##### Entries shown #####

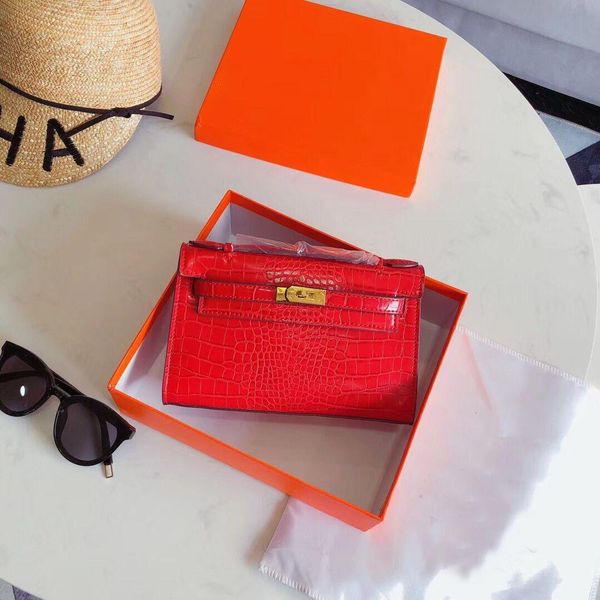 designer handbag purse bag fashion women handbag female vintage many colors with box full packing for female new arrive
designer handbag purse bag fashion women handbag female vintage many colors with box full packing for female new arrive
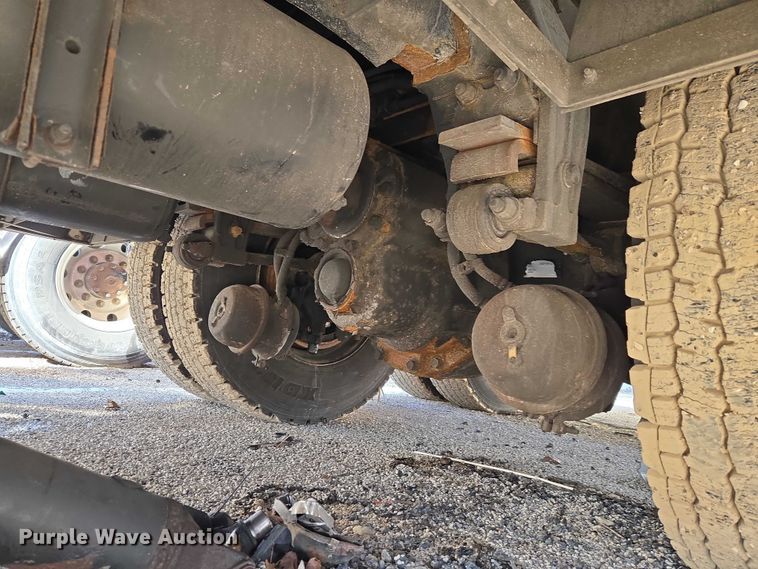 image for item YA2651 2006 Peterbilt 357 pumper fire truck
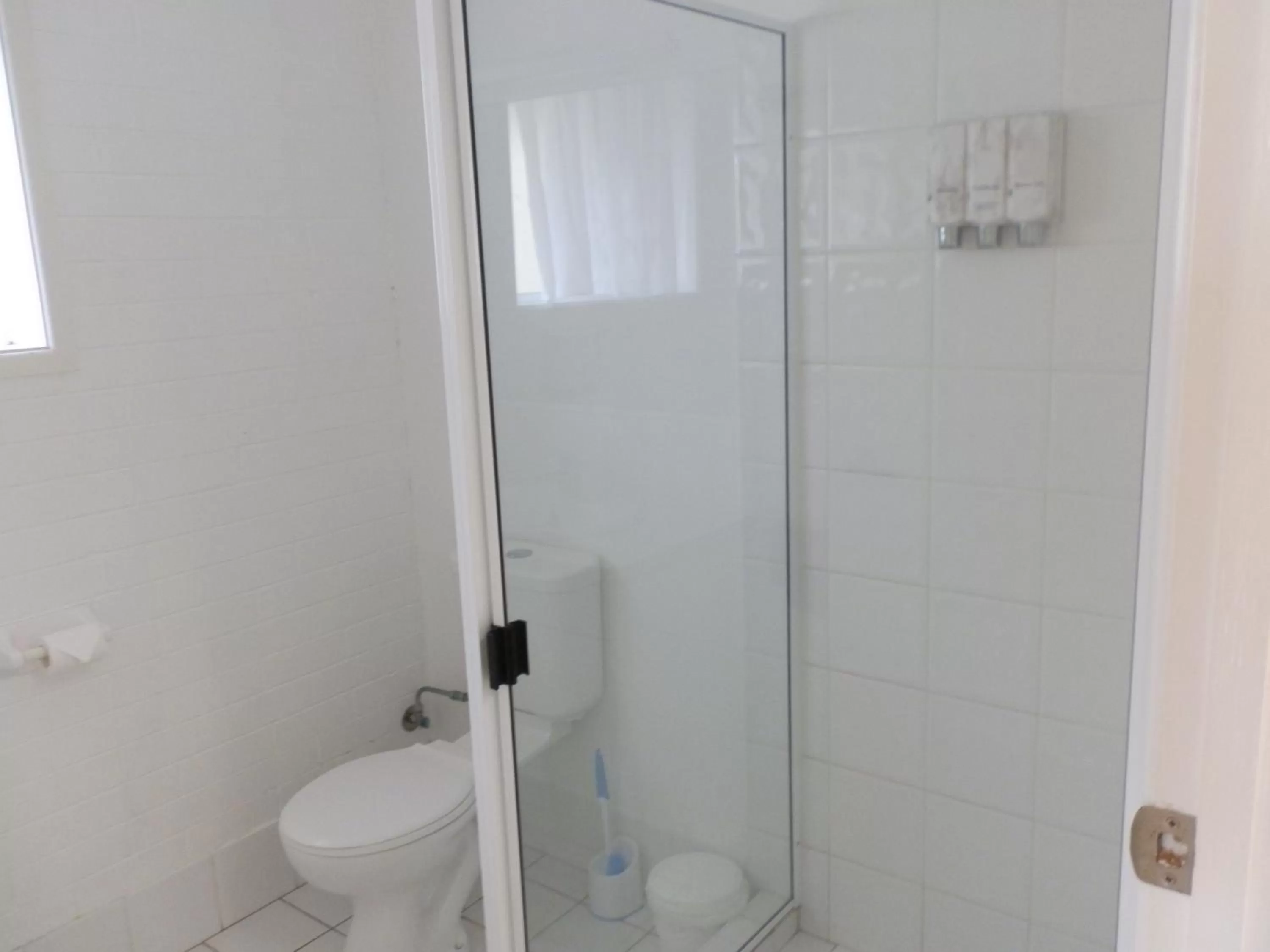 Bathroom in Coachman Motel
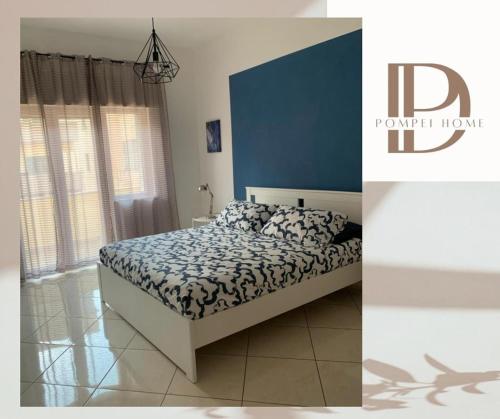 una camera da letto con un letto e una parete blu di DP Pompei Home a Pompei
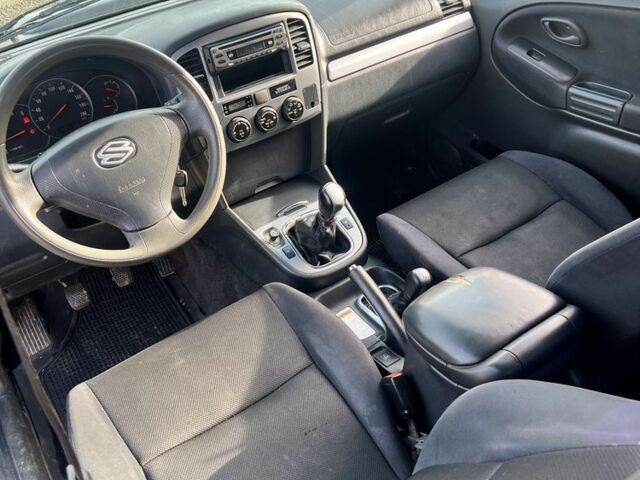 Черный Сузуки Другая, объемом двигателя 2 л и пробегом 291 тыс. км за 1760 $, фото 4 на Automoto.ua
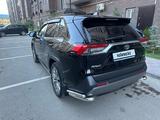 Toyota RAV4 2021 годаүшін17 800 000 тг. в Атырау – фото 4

#####

• [Requirement]: Write out word for word every line from the line with "image for item" through the final line of the records, both included, skipping the pictures.

• [Result]:
 image for item YA2651 2006 Peterbilt 357 pumper fire truck
 Bathroom in Coachman Motel
 una camera da letto con un letto e una parete blu di DP Pompei Home a Pompei
 Черный Сузуки Другая, объемом двигателя 2 л и пробегом 291 тыс. км за 1760 $, фото 4 на Automoto.ua
 Toyota RAV4 2021 годаүшін17 800 000 тг. в Атырау – фото 4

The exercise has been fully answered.